:: Exercise inputs ::
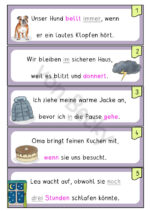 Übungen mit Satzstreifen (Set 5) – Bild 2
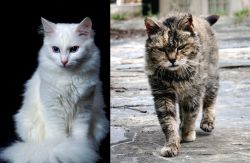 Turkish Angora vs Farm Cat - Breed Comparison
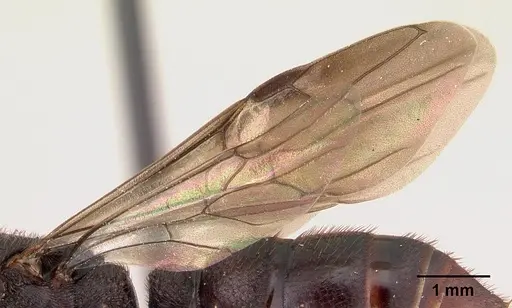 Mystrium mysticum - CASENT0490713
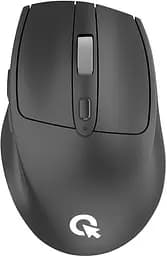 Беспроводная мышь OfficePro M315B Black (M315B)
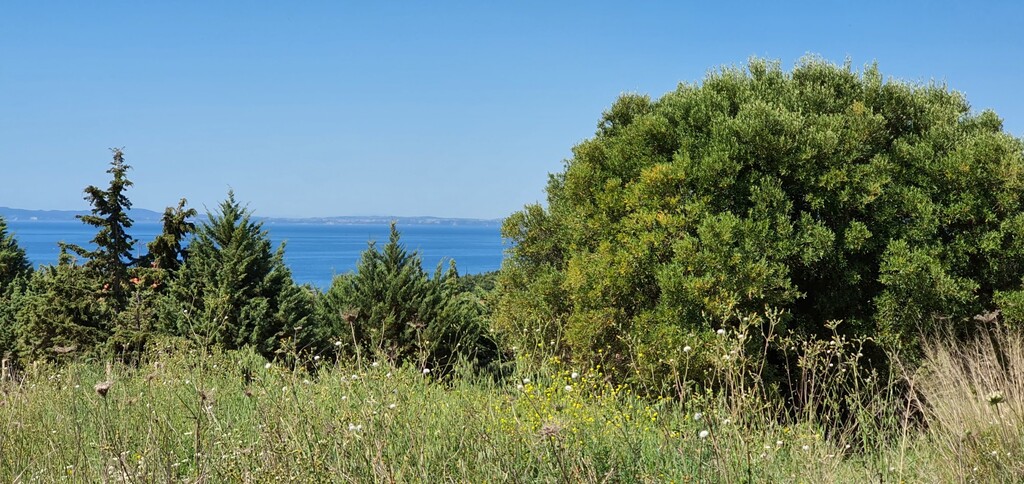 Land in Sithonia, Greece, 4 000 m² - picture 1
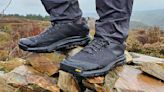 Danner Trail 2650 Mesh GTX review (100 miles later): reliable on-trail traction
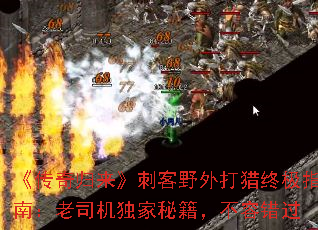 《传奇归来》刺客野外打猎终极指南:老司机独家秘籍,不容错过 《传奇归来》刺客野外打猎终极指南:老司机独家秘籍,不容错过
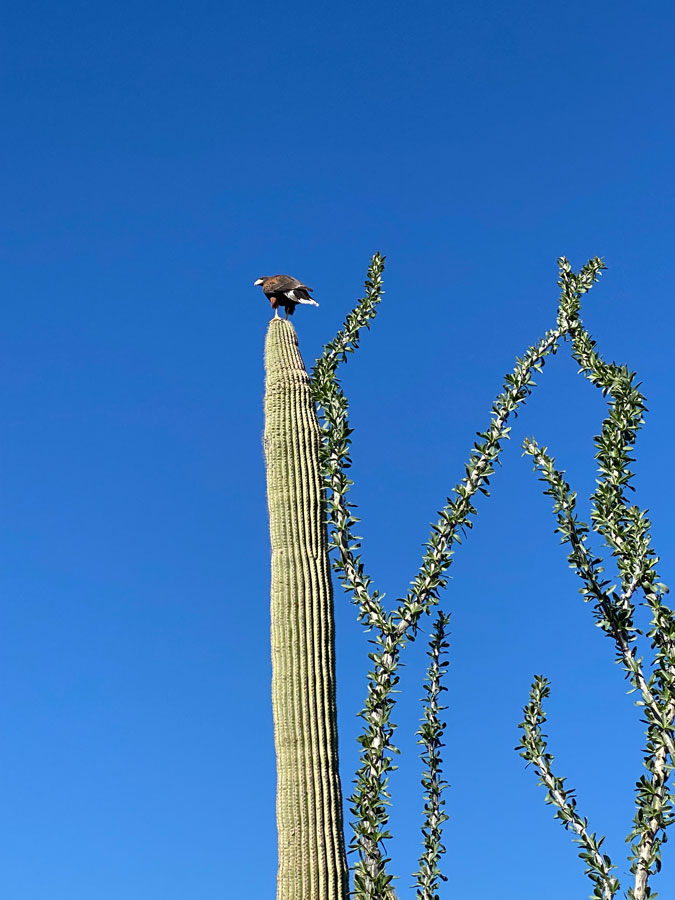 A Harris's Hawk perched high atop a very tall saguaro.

:: What is being asked ::
Before copying, set the pictures aside; then reproduce each entry above exactly.

:: Response area ::
 Übungen mit Satzstreifen (Set 5) – Bild 2
 Turkish Angora vs Farm Cat - Breed Comparison
 Mystrium mysticum - CASENT0490713
 Беспроводная мышь OfficePro M315B Black (M315B)
 Land in Sithonia, Greece, 4 000 m² - picture 1
 Danner Trail 2650 Mesh GTX review (100 miles later): reliable on-trail traction
 《传奇归来》刺客野外打猎终极指南:老司机独家秘籍,不容错过 《传奇归来》刺客野外打猎终极指南:老司机独家秘籍,不容错过
 A Harris's Hawk perched high atop a very tall saguaro.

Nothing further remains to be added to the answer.